■ Problem
Where an image occurs, skip it and print the rest of the records verbatim.

■ Records
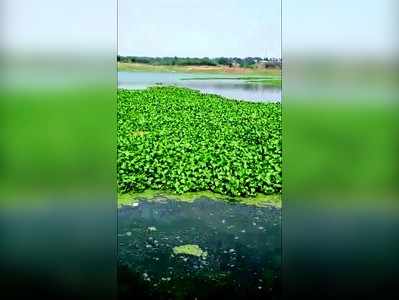 ವಿಷವಾದ ತಿಪ್ಪಗೊಂಡನಹಳ್ಳಿ ಜಲಾಶಯದ ಹಿನ್ನೀರು !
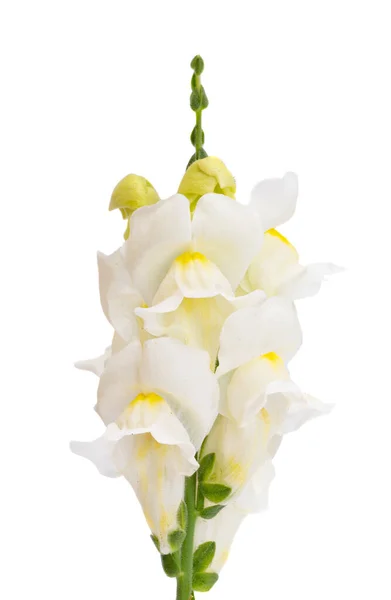 Hledík Květina Izolovaných Bílém Pozadí — Stock fotografie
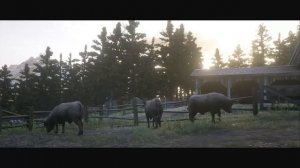 История Джона Марстона Эпилог - RED DEAD REDEMPTION Прохождение #38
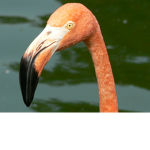 LordCrypt's Group of Flamingos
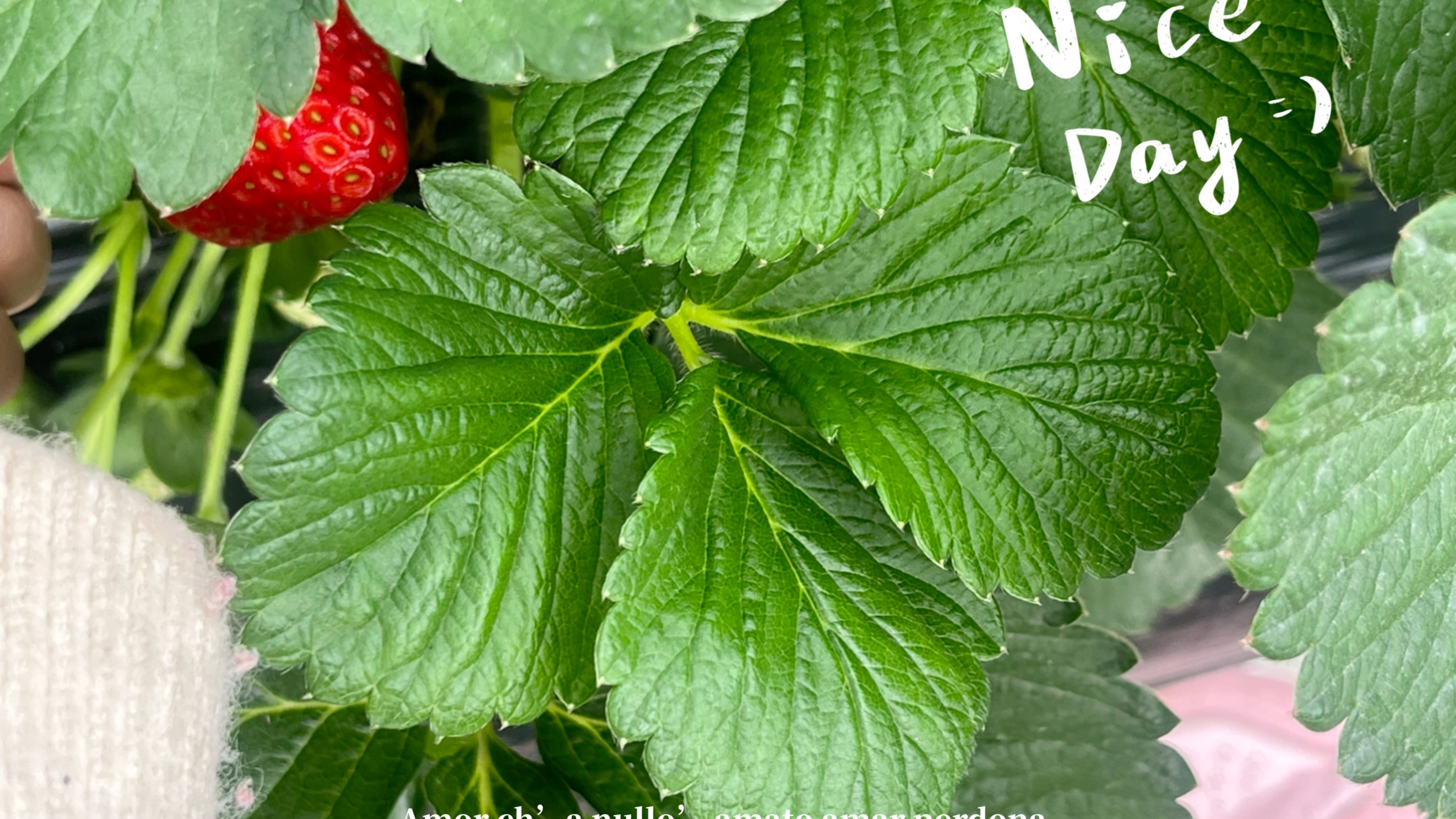 希望我们都能莓心莓肺,开开心心莓一天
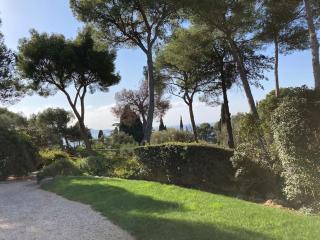La Californienne - Carqueiranne - 5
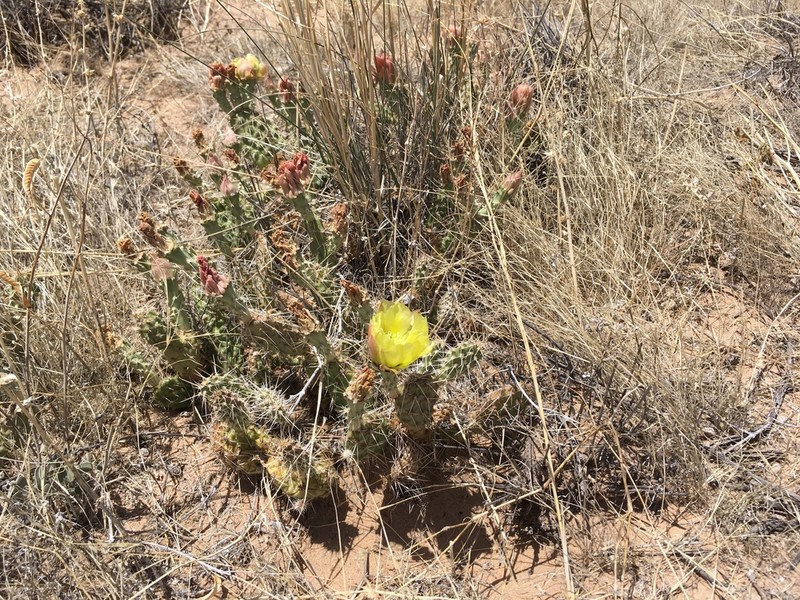 Opuntia arenaria photo 3
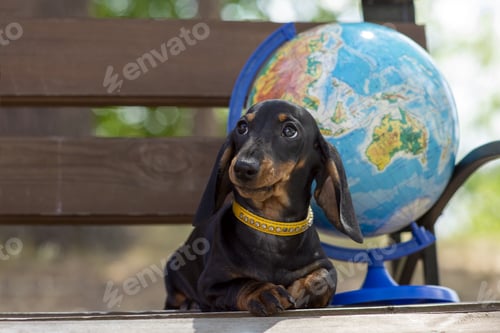 Preview: Portrait of a young cute dog Porsy Dachshund and a globe on a background in nature.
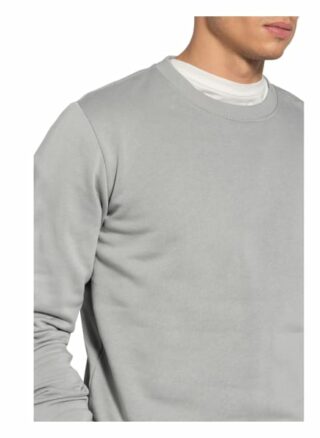Juvia Sweatshirt grau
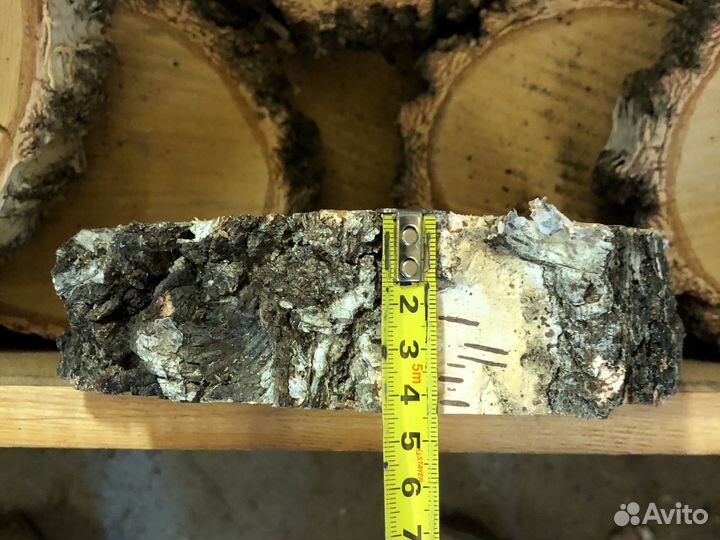 Слэб дерева и спилы березы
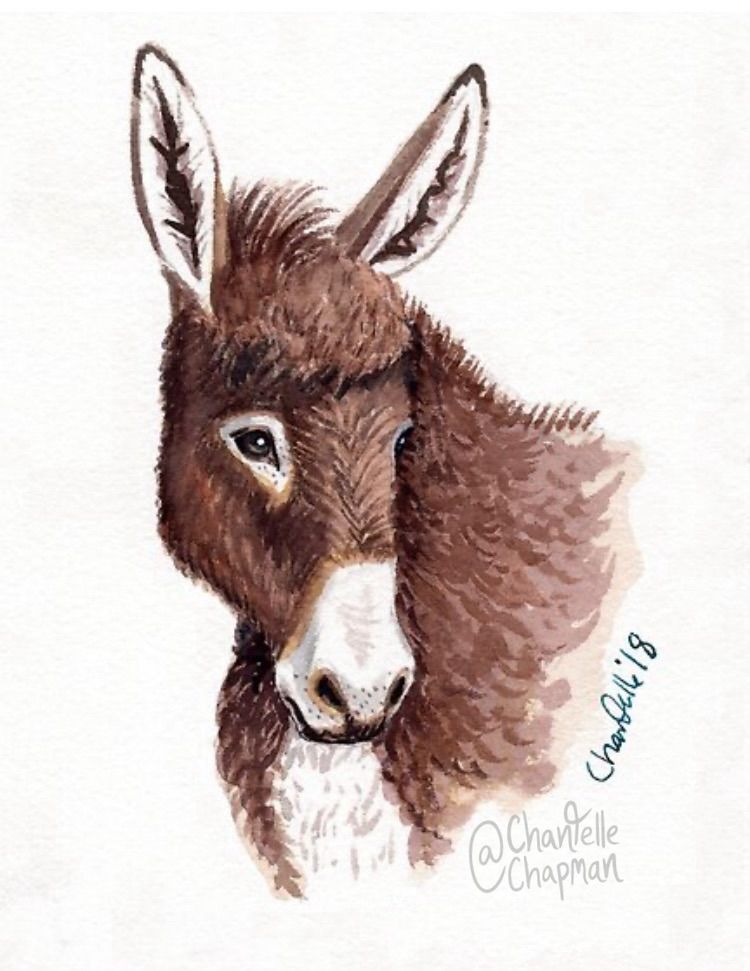 Watercolor portrait of a donkey, head turned to his left.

■ Expected output
 ವಿಷವಾದ ತಿಪ್ಪಗೊಂಡನಹಳ್ಳಿ ಜಲಾಶಯದ ಹಿನ್ನೀರು !
 Hledík Květina Izolovaných Bílém Pozadí — Stock fotografie
 История Джона Марстона Эпилог - RED DEAD REDEMPTION Прохождение #38
 LordCrypt's Group of Flamingos
 希望我们都能莓心莓肺,开开心心莓一天
La Californienne - Carqueiranne - 5
 Opuntia arenaria photo 3
 Preview: Portrait of a young cute dog Porsy Dachshund and a globe on a background in nature.
Juvia Sweatshirt grau
 Слэб дерева и спилы березы
 Watercolor portrait of a donkey, head turned to his left.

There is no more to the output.